According to Lakshmi, the idea to start the project stems from many reasons, one being the fading interest in the trade. “It is sad to see how the younger generation is moving away from the trade. One major factor is poverty and the lack of opportunity there. But, just like the farmers, fishing is an essential profession that ensures food to a majority of the state population.”
The team decided to start motivating the youth to pursue their family trade by increasing the scope of opportunity there. One way of doing so was by giving them the reigns to run their business.
“It means that instead of having to travel great distances to sell the day’s catch, which compromises the quality, fishermen can now sell from a centre located at each panchayat,” says Lakshmi.
An example of self-reliance, this initiative aims to empower every single member of the family. Explaining the process, she says, “It starts with the fishermen who get the fresh catch to the centre. After a thorough quality check, the women of the family will clean, cut and pack the fish, which will then be delivered to various housing societies and localities on a two-wheeler. It’s a fine earning even for the delivery person who might be a college-going boy or girl who can drop the packages during their free time. This business model has received much appreciation and can be replicated all across the state.”
She adds that the process will be further bolstered by an app-based order system, to ensure delivery of fresh fish within hours!
Weaves and Waves
The tragedy of 2018 had also inspired the fashion designer within Lakshmi to launch her new collection — ‘Weaves & Waves of Friendship’ — as a tribute to the two communities. According to her, it is the coming together of weaving and fishing communities that are essential parts of Kerala’s social fabric.

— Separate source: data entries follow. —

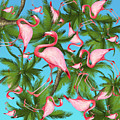 Palm tree and flamingos Digital Art by Mark Ashkenazi Palm tree and flamingos Digital Art by Mark Ashkenazi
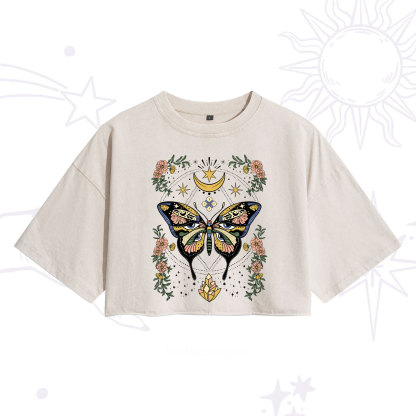 Purplehecate I Am Opening Washed Cropped T-Shirt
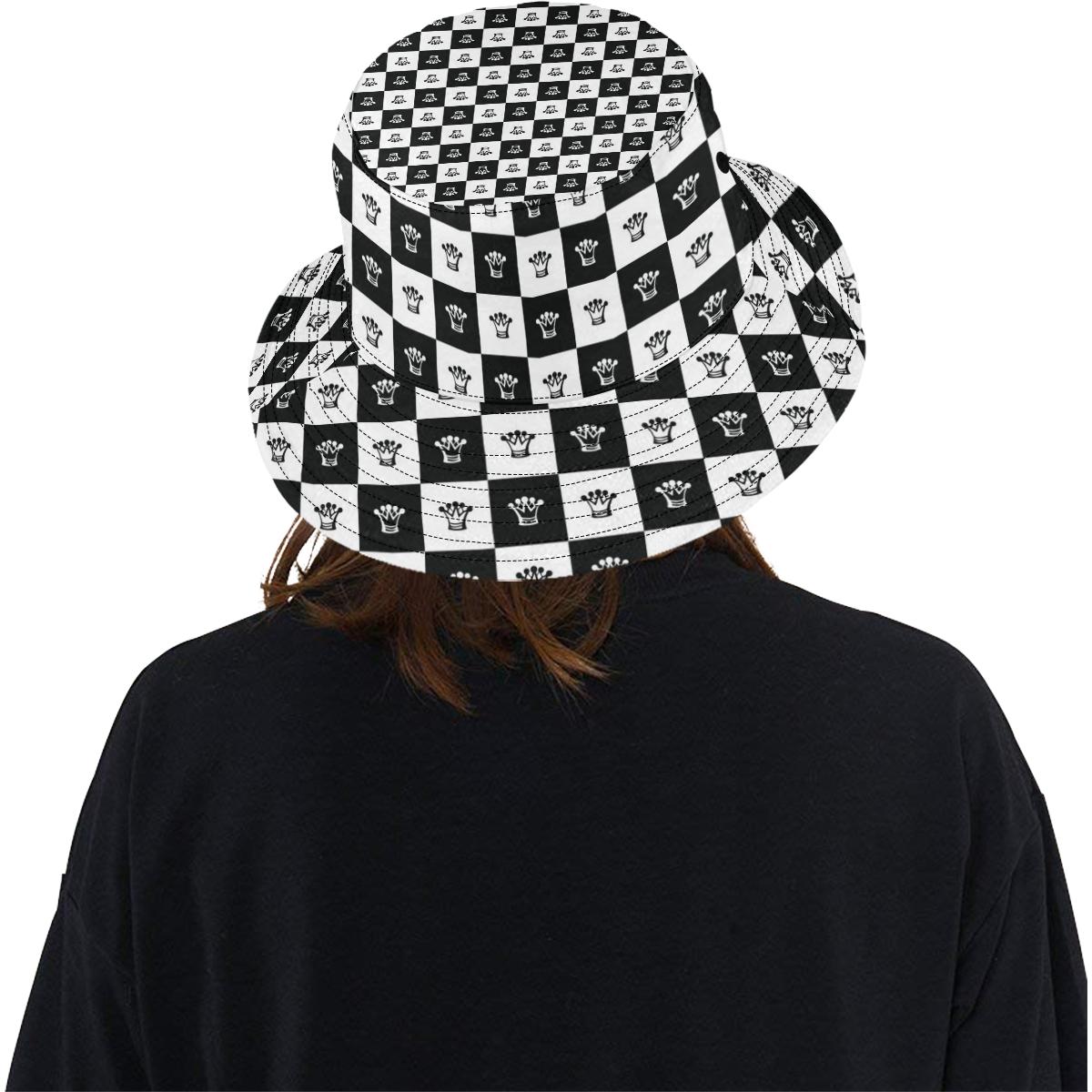 Checkered Flag Crown Pattern Unisex Bucket Hat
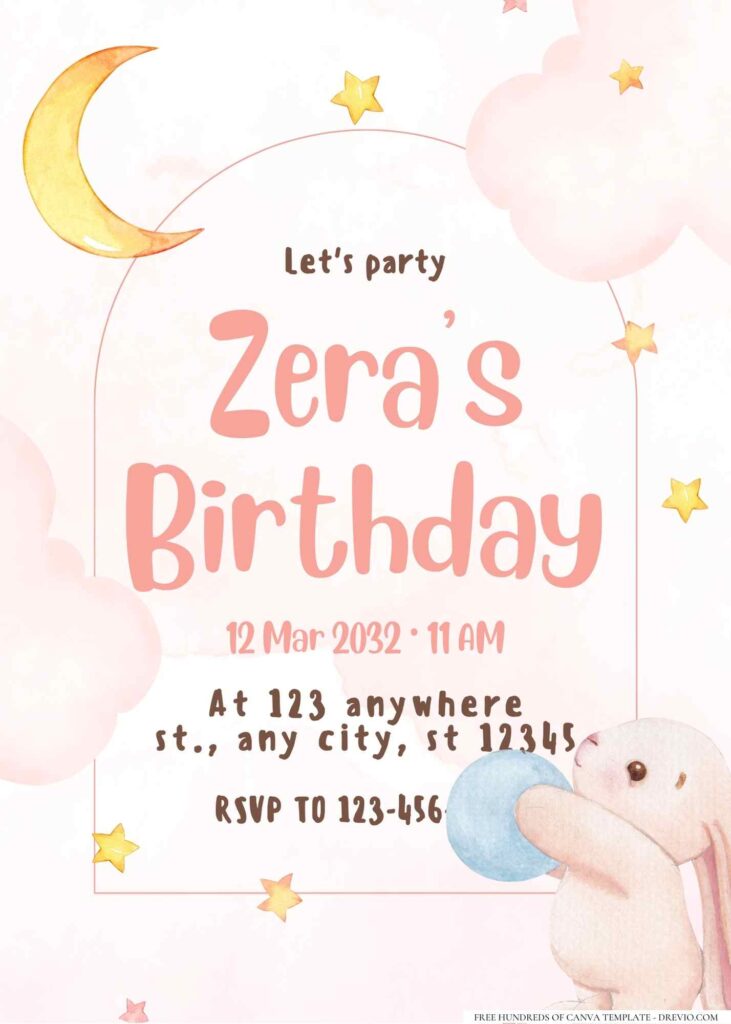 FREE Editable Sweet Dreams Birthday Invitation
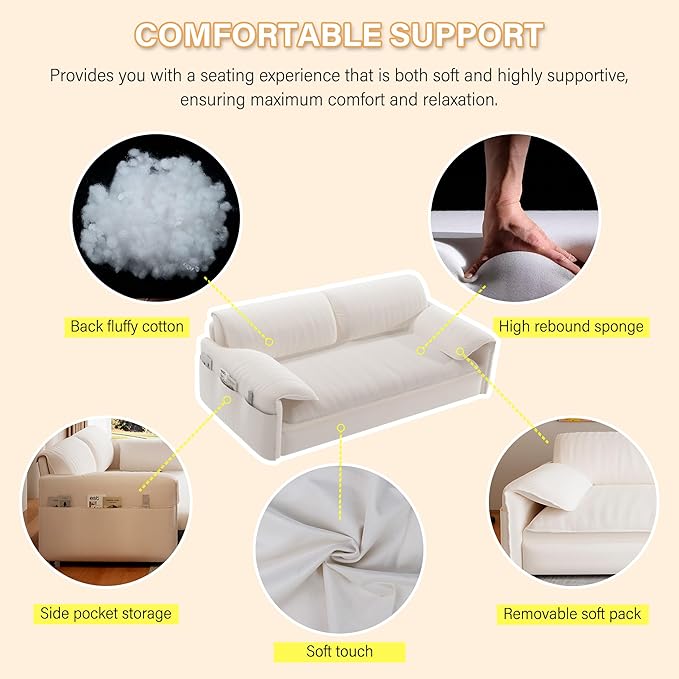 Eafurn 66" Convertible Sofa Bed Queen Size, 3-in-1 Pull Out Sleeper Couch Sofabed, Modern Velvet Loveseat Chaise Lounge w/Side Storage Pocket for Living Room Office | Removable Cushions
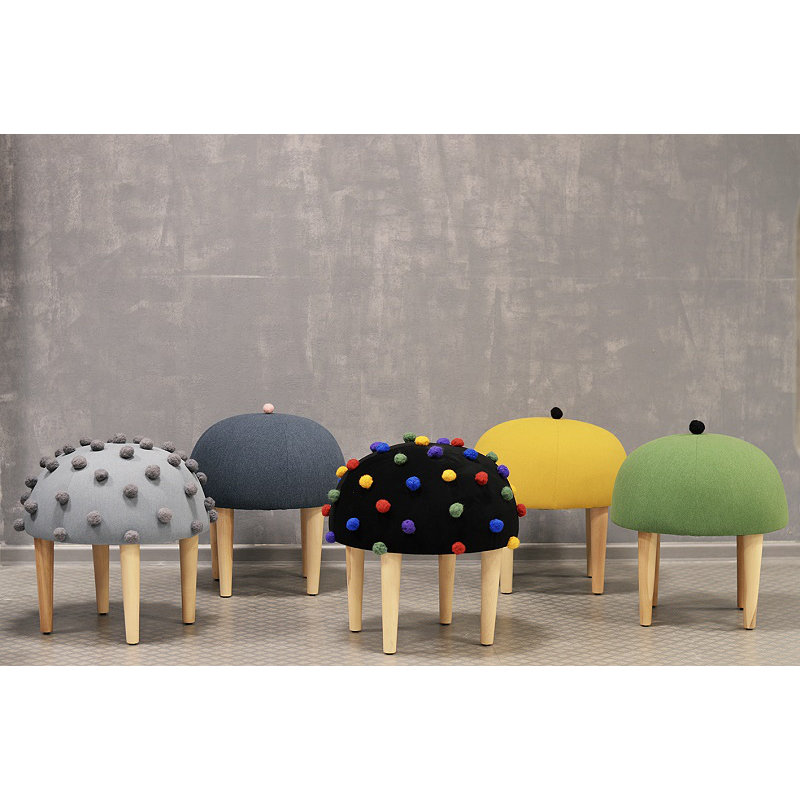 Moher Solid Wood Accent Stool, Yellow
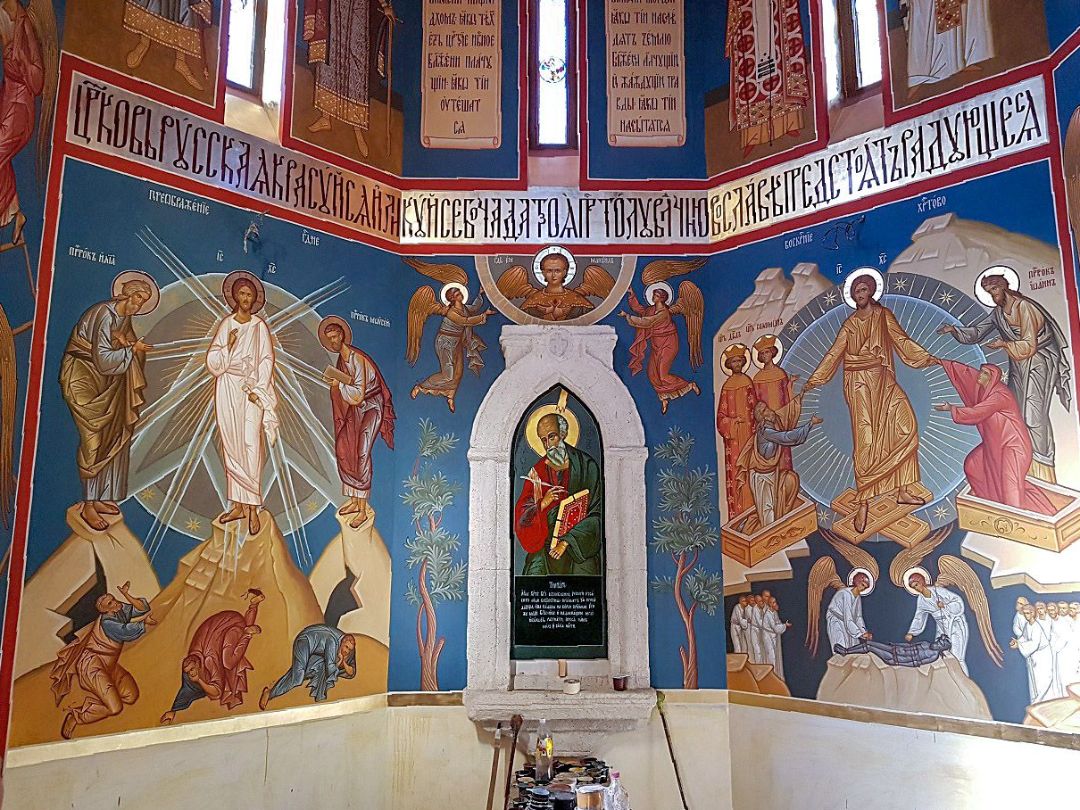 Роспись часовни Иоанна Богослова. Фрески. Артель "Радость"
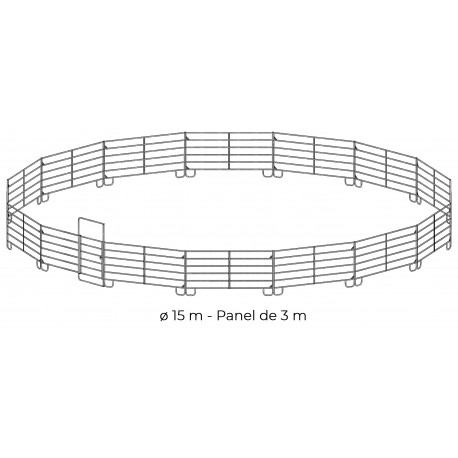 Rond de longe galvanisé Ø 15 m (panel 3 m)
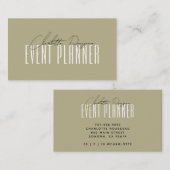 Event Planner Modern Typografie Script Sage Green Visitekaartje (Voorkant / Achterkant)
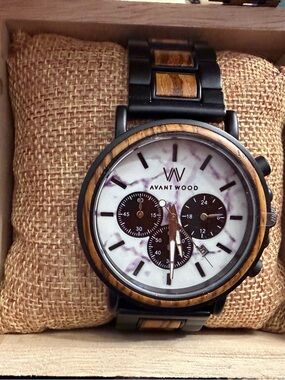 Men's Black and Brown Wood Accent Chronograph Watch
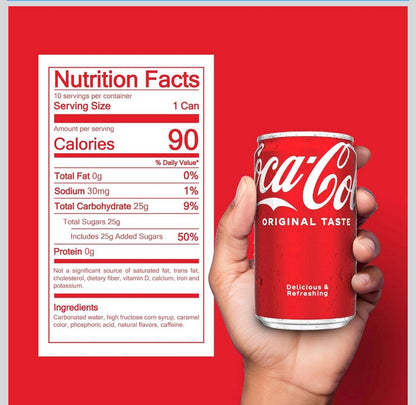 Mini can of Coca-Cola 7.5oz, pack of 10
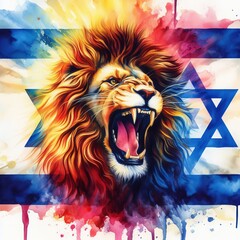 Wall Mural - Generative AI image of a lion over a flag of Israel as a background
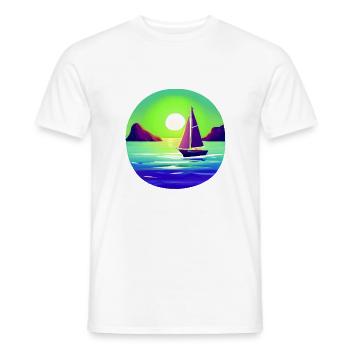 Sailing Sailboat Sailing Sailing Sailing Ship - Men's T-Shirt - white - Front - AI Model Male 178 dark (178cm)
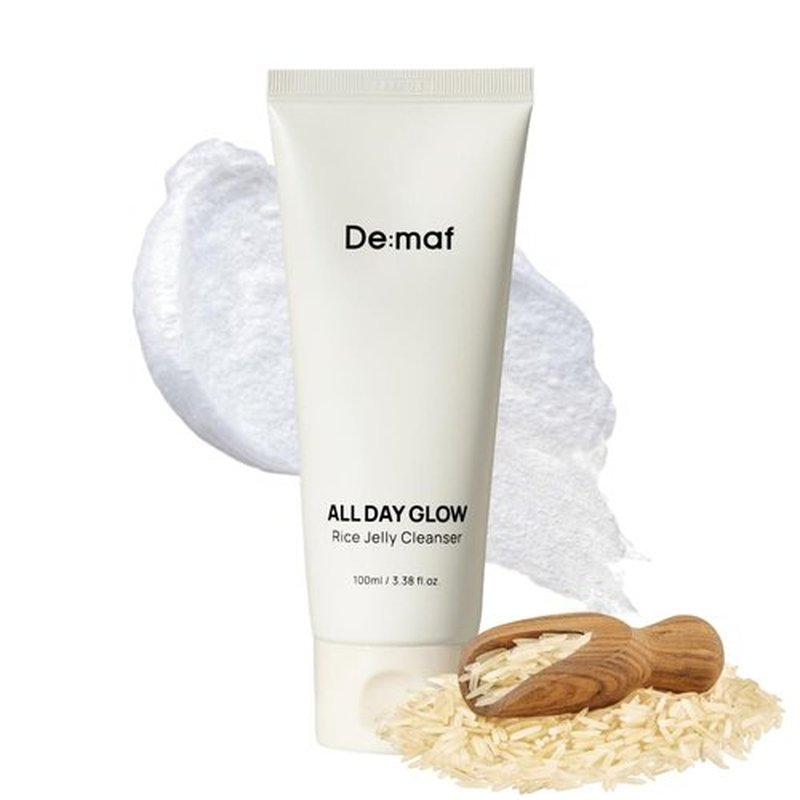 De:maf All Day Glow Rice Jelly Cleanser, Rice Extract, Low pH Cleanser, Soothing and Calming, Keeps Skin Moist After Cleanse, Suitable for Sensitive Skin, Korean Skincare (100ml, 3.38, Fl Oz)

And her previous campaign with Chekutty dolls was to help the former.
“In the face of the fiery floods, she emerged, soiled, scarred but smiling. A simple rag doll grew to be a symbol of their courage and resilience. A reflection of every Malayali who fought against the waves of destruction,” says Lakshmi who created the doll, Chekutty to save a textile village, Chendamangalam.
“The floods had impacted all, but weavers communities had especially incurred great losses. Fabric material worth Rs 21 lakhs was going to waste. I realised that I could not call myself a designer if I can’t find a way to save them. And, that was when I had the idea to make dolls out of the soiled fabric from a textile village called Chendamangalam. At the time, everyone suggested burning the waste sarees, but I brought a few homes, washed them and created the dolls called Chekutty.”
She explains that in Malayalam, the name could mean, cherinna athujeevacha kutty, i.e. a little child that survived the mud, or even Chendamangalam’s kutty or child.
In a few days, with the help of Gopinath Parayil, co-founder of a travel company Blue Yonder, she was able to transform the doll into a mass emotion shared by Malayalees all across the country, and beyond.
Out of a single saree, almost 360 dolls could be made, and more than 50,000 volunteers and 260 schools contributed by making Chekutty dolls worth Rs 70 lakhs, all of which when to restore regular life in the weaving communities.
Her efforts to help the weavers has yielded outstanding results, taking the awareness to various corners of the globe.
We hope that MakeFriendship, similarly, touches many more lives, bringing the much-deserved respite to the adversity-ridden region.